Another thing worth bringing up is that none of our churches has the capacity to accomplish everything on their own. However, if you look at churches that are carrying out their activities in a way that is lively, I think you notice that their activities have their own particular characteristics. For instance, some churches are focusing on the Boys and Girls Association activities, which are intended for children but which help these churches reach out to the children’s parents as well. On the other hand, some churches are paying particular attention to the elderly. Again, some churches are focusing on parents and children, as well as husbands and wives. Some churches are conducting activities aimed at helping their local communities in some way. Some churches are trying to help people who are socially maladjusted or those who have committed crime. There are also churches where some members have taken an interest in some specific medical conditions or social issues, perhaps as a result of their personal encounters with them, and have studied those areas. It seems that these people have gained a certain level of expertise in their particular areas and are able to help those facing such challenges. Through efforts and endeavors such as these, many churches seem to be playing active roles in the work of single-hearted salvation.
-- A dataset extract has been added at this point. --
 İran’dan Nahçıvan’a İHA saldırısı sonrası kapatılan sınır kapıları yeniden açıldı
Please do not misunderstand what I am saying here. Paying attention to society and studying some specific areas does not mean studying something professionally or undergoing professional training in some field. Rather, what I am suggesting is that we can engage in salvation work in a way that focuses on certain areas and gain experience in those areas. We do not need to become experts in specific areas; rather, we should try to acquire knowledge that we need in order to do what we do as experts in salvation work. Our role is to perform salvation work. When we need specialized knowledge of a certain area, we can ask experts in that area. Conversely, experts often show respect to the perspective and spirituality offered in the path as they seek, for example, to help their patients recover.
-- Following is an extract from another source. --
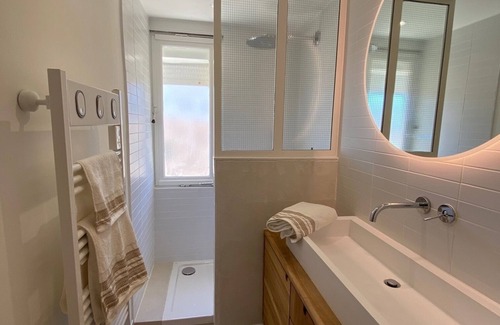 Palavas-les-Flots Apartment | Appartement Luxe, 1ère Ligne sur la Plage, T3, Climatisé, Terrasse,plancha,wifi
Exactly what sort of church do we want our churches to be? What sort of activities do we need to conduct if our churches are to become that sort of church? I would like to see answers to these questions explored from various points of view. Although today’s talk is rather abstract, I believe that, if our individual churches set clear goals for themselves and come up with concrete and easy-to-understand plans for how to implement the teachings in daily life to achieve their goals, they will be able to enrich their church substance. Then these churches will not only be able to gain acceptance and understanding from the wider community but also receive requests for advice and help. This can lead to new people joining the church communities and being saved. As these people grow spiritually, they can then, in turn, start to play a role in salvation work by helping others with challenges familiar to them by building on their own experience of being saved. If, in this way, similar causalities bring people together to create a positive cycle, that will be a wonderful blessing. I would encourage you to work toward that sort of church where such joy of salvation flows forth.
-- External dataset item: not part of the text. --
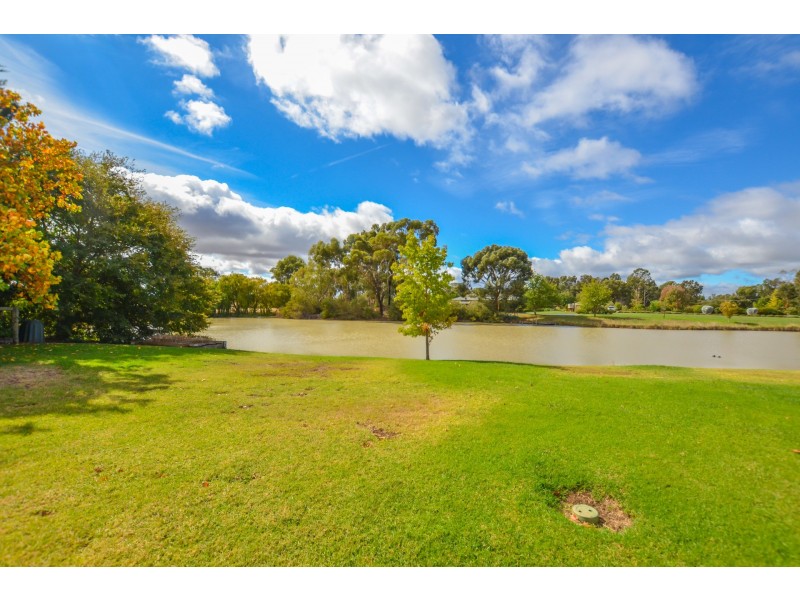 69 Mayfield Court, Moama NSW 2731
The dual anniversaries are only 16 or 17 years away. It is important, first of all, to transform our outlook and achieve a new level of spiritedness with which to work toward the anniversaries. It does not matter if what you do is small; it is spiritedness that counts. What is important is how we are going to near the Joyous Life as we move toward the future. This will require both young people’s spirited strength and older people’s solid capability to provide care and guidance.